Nach einiger Zeit werden einige fertig sein, bei ein paar ist immer ein wenig debugging nötig. Da hilft leider nichts als Erfahrung, Erfahrung, Erfahrung. Wir versuchen die typischen Fehler zu sammeln und zu veröffentlichen. Grundsätzlich aber immer logisch vorgehen:
Leuchtet nichts? Schau dir die Batterie an. Bei den SMD-Batteriehaltern werden oft beide Klemmen nach unten gedrückt. Eine muss nach oben auf Plus greifen. Vielleicht aber auch ein Kurzschluss? Eine LED verkehrt herum eingelötet (bei den RGB-LEDs sieht man leicht durchschimmernd die Pfanne, die sich nur auf einer Seite befindet).
Leuchten einzelne LEDs nicht? Stimmt der Takt nicht? Schau dir die LED-Beinchen an. Stimmt die Richtung? Sind an den ICs alle Beinchen aufgelötet? Im Zweifel nochmal mit dem Lötkolben drüber.

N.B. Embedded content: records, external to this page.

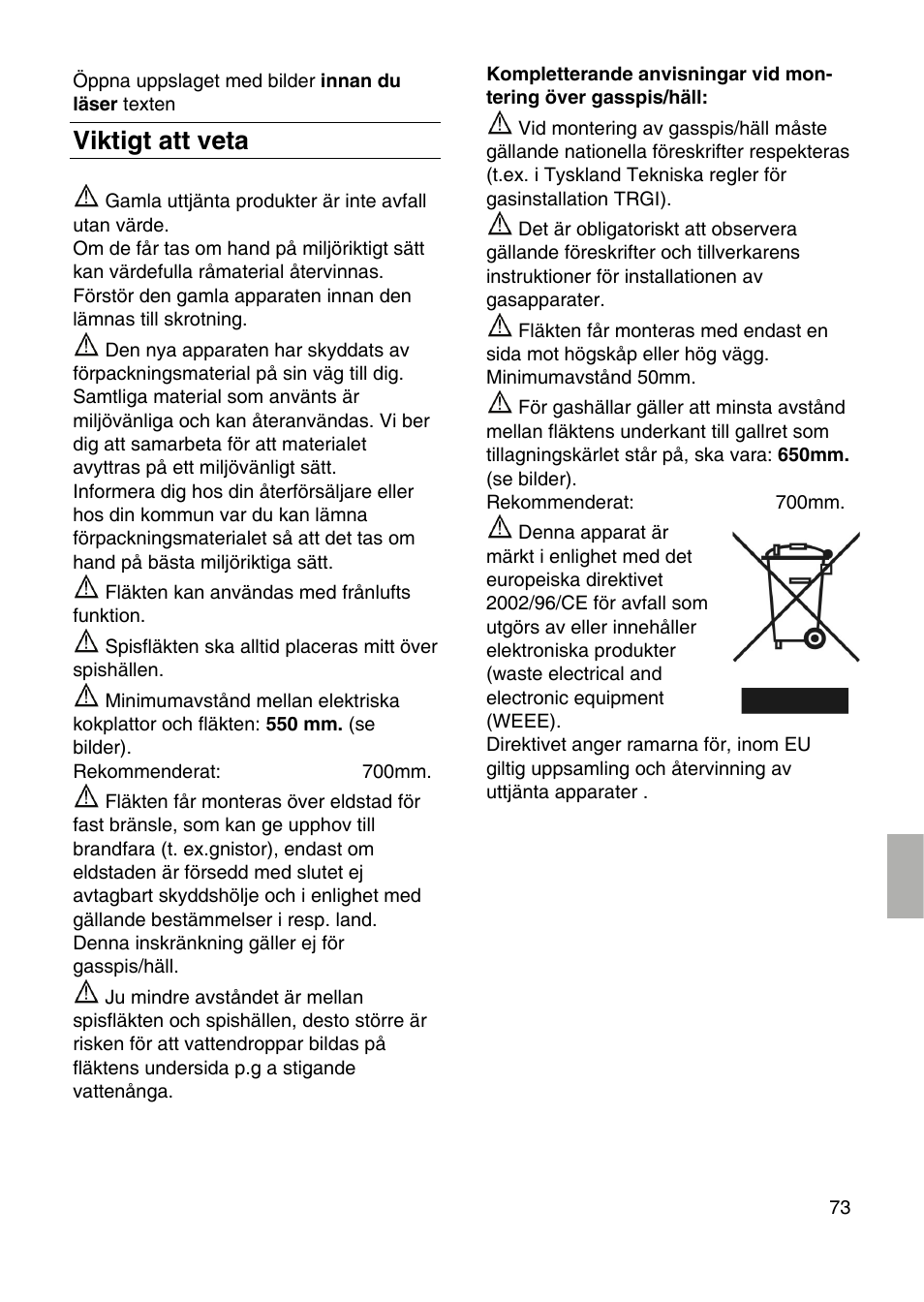 Viktigt att veta | Bosch DID09T950 Edelstahl 90 cm breit Deckenlüftung User Manual | Page 73 / 124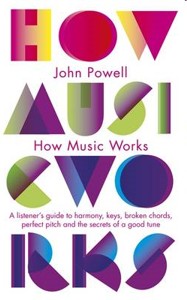 How Music Works. 9781846143151 How Music Works. 9781846143151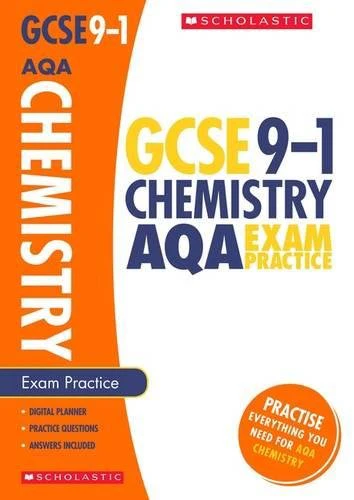 GCSE Chemistry AQA Exam Practice Book. Achieve the Highest Grades for the 9-1 Course including free revision app (Scholastic GCSE Grades 9-1 Revision and Practice)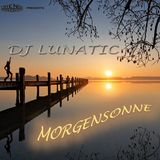 DJ Lunatic - Morgensonne Mix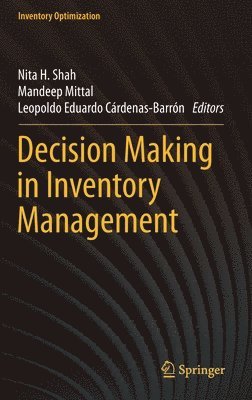 Decision Making in Inventory Management 1
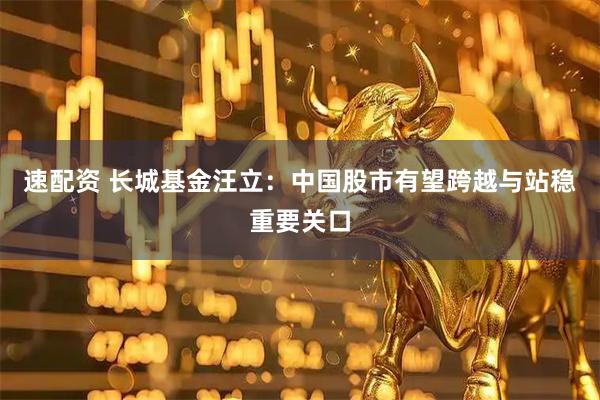 速配资 长城基金汪立：中国股市有望跨越与站稳重要关口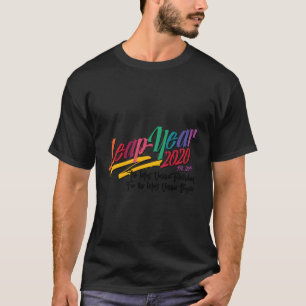 schrikkeljaar voor schrikkeljaar het meest t-shirt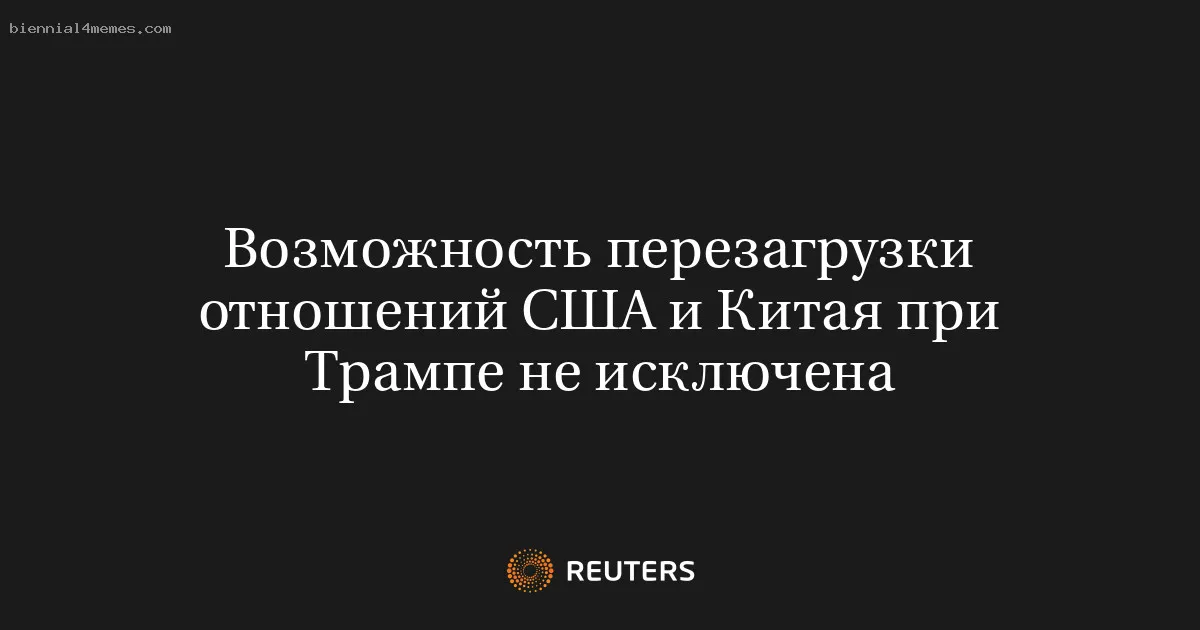 Возможность перезагрузки отношений США и Китая при Трампе не исключена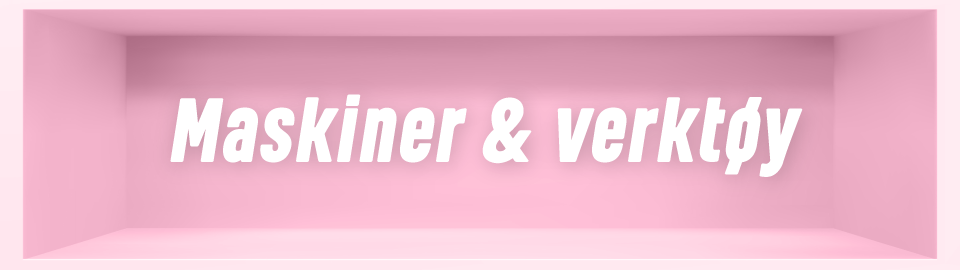 Maskiner & verktøy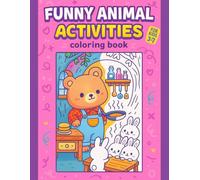 Easy Animal Activities Coloring Book for Kids Ages 3-7 - Funny and Simple Designs for Toddlers and Preschoolers - 110 Pages with 50 Single-Sided Fun ... Activity Book | Cute Farm and Wild Animals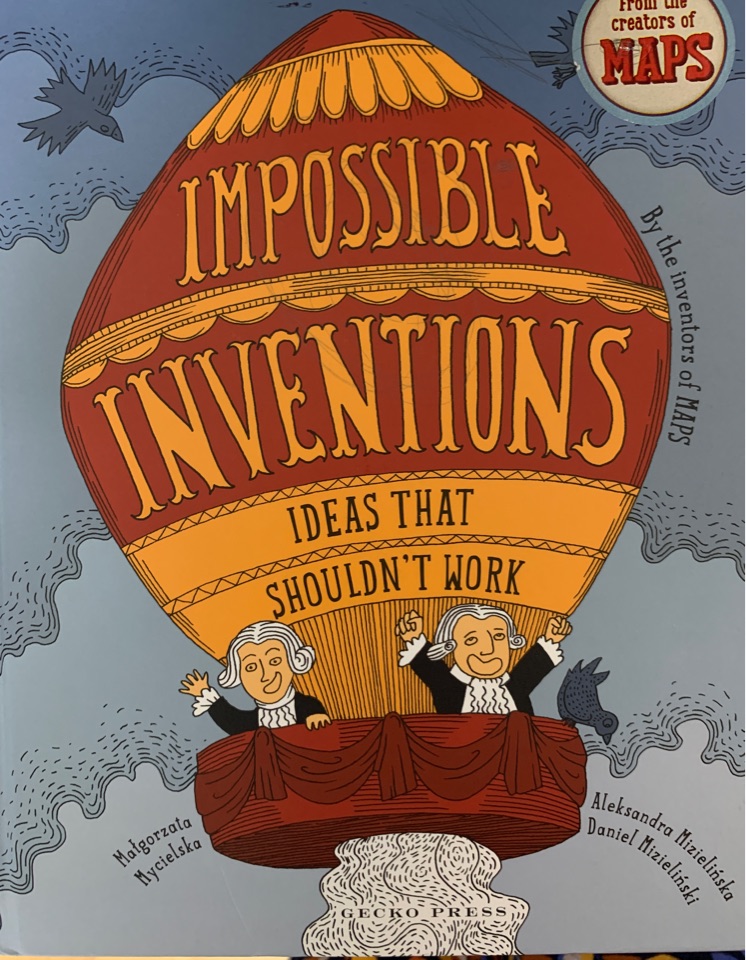 Impossible inventions ideas that shouldn't work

Es lohnt sich immer die Platine gemeinsam mit dem Lötling unter dem (digitalen) Mikroskop anzusehen.

Fazit

Ein Lötworkshop ist eine wirklich Low Hanging Fruit wenn es darum geht junge Menschen für MINT-Dinge zu begeistern. Die Bausätze sind nicht all zu teuer, es ist nicht viel nötig und die Kenntnisse kann man auf so viele andere Bereiche in seinem Leben anwenden. Noch dazu gibt es ein kleines Nettes Teil zum auf den Schreibtisch stellen.
Wenn euch etwas fehlt, wenn ihr Hilfe braucht, scheut euch nicht uns eine Email zu schreiben! Ansonsten einfach machen! Auch wenn nicht alles perfekt ist, oder es das erste Mal ist. Probiert euch aus und habt Spaß!